The Power of Peace Conference felt like a rebrand, more Psychologies, less Heat magazine.
Outside the Grosvenor House, hundreds of glamorous guests queued outside the doors before they opened at 9.30am. You could have been forgiven for thinking many were dressed for the Oscars.
Inside, guests were given sparkly blue butterfly badges to allow them through into the conference room for a lavish breakfast of smoked salmon, fruit kebabs and muffins. Although guests helped themselves to jugs of water, no-one seemed to know if this was the famous Kabbalah kind. The group once told an undercover journalist that the water could cure cancer.
The appeal for some soon became apparent, as the besuited guests swapped business cards. One remarked: "This place is the best for networking. Multimillion pound deals have been made through the Kabbalah Centre."

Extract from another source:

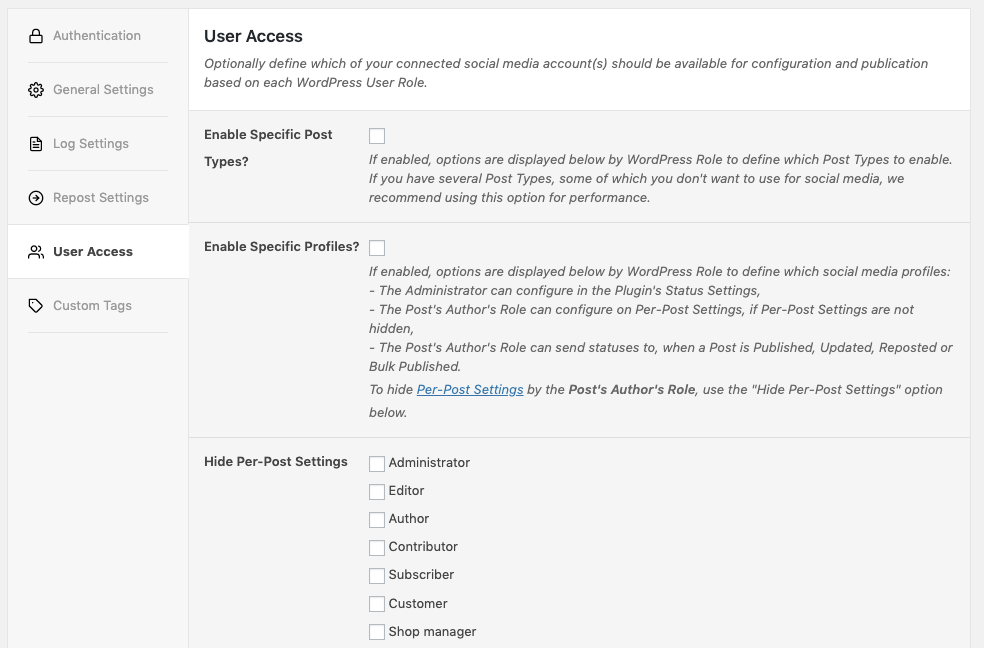 WordPress to Buffer Pro: User Access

As speakers Dr Jehan Sadat and Kabbalah Centre founder Karen Berg entered the hall, guests rose, cheering.
The 500-strong audience listened attentively to Dr Sadat. But it was Ms Berg who secured the standing ovation, with people calling out her name. Her speech was a hotchpotch, calling on people to seek out the "diamond" within themselves. Natural disasters, volcanoes and hurricanes were "someone trying to tell us something." Some listened with rapt attention, others shook their heads in disbelief.
Guests, topics and speakers were all presented as the face of a new, more thoughtful Kabbalah Centre. But it is Ms Berg herself who could do with it most.